Bully's Acre is located beside the Royal Hospital Kilmainham, hence the name Hospital Fields. It an ancient cemetery that dates back to 900 CE and regarded as the oldest in the city. Many hospital inmates, war veterans and dignitaries lie buried here. Burials are no longer held here, though one can walk around the existing graves.

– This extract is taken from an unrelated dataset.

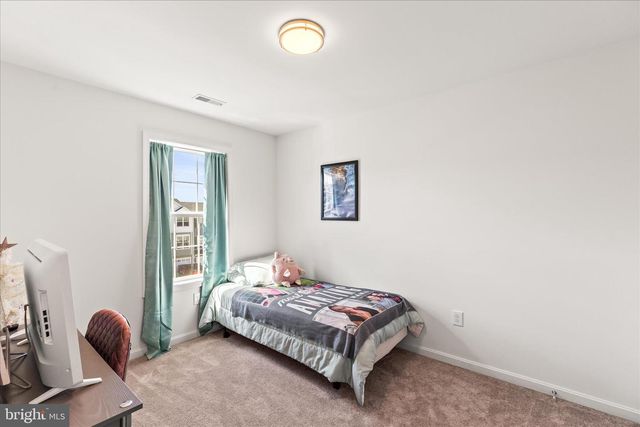 101 OVERLOOK DR, Hanover, PA 17331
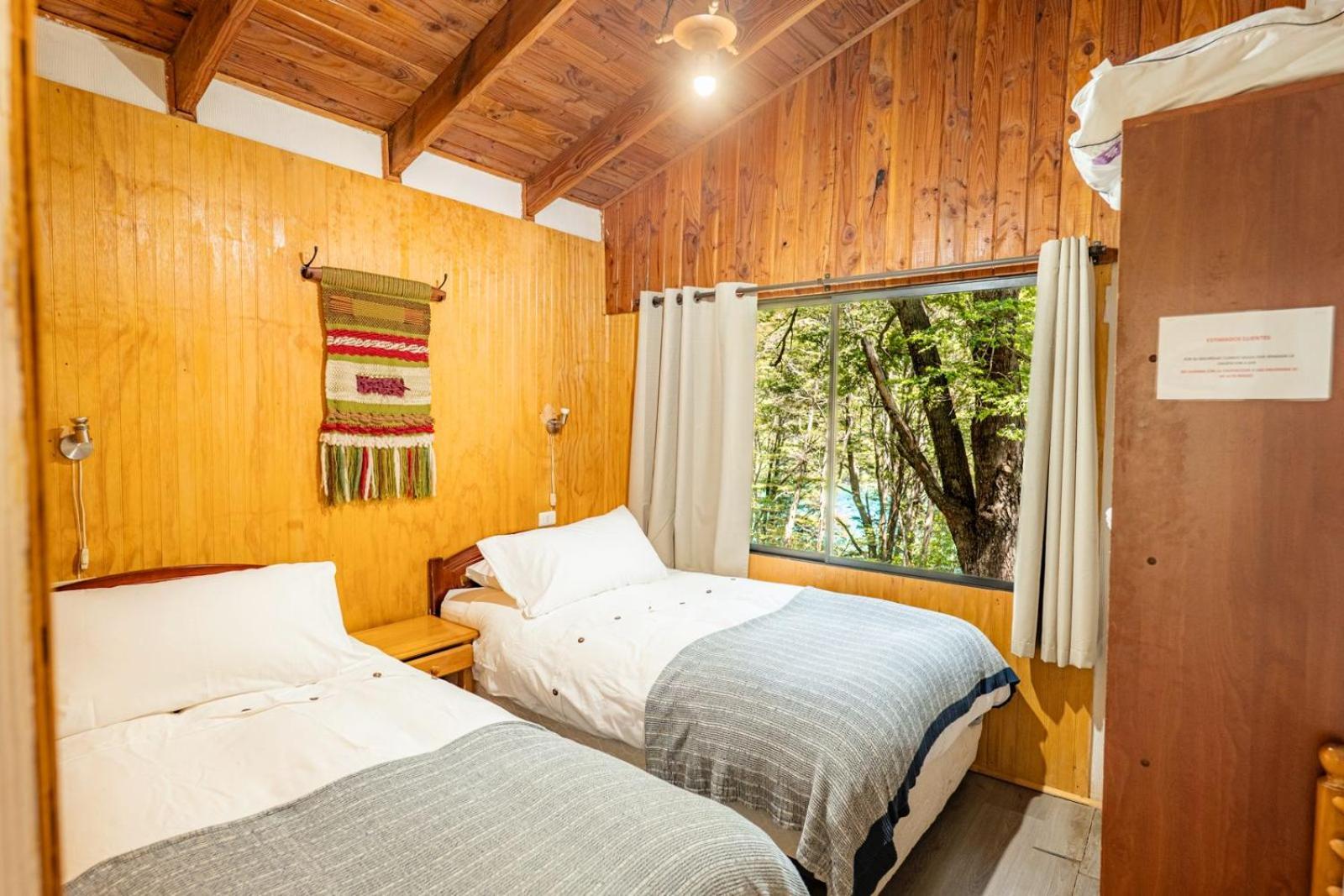 Cabanas Rapidos Del Rio Baker Puerto Bertrand ห้อง รูปภาพ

More than 235 species of wild animals and exotic birds inhabit Dublin Zoo, a vast expanse within Phoenix Park. Created in 1830 and recently restored and extended, this zoo is the third-oldest in the world, with London and Paris as "big siblings". The thirty acres provide lots of treats for the family, including a pet's corner and new attractions such as City Farm, Monkey Island and Fringes of the Arctic. The train ride around the zoo is also fun and a welcome rest for weary legs! Refreshments are available in the restaurant and coffee shop, while a variety of cuddly toys can be found in the gift shop.
This little-known park makes a handy short cut from Phibsborough to the city centre. Formerly an extension of the Royal Canal, the linear stretch was drained in the 18th century to facilitate a traditional Victorian park. Now the locals use it for dog- walking and on sunny days you'll find a mass of pink bodies stretched out here, catching the rays. The area feels a little isolated, however, so it's probably best to avoid the park at night.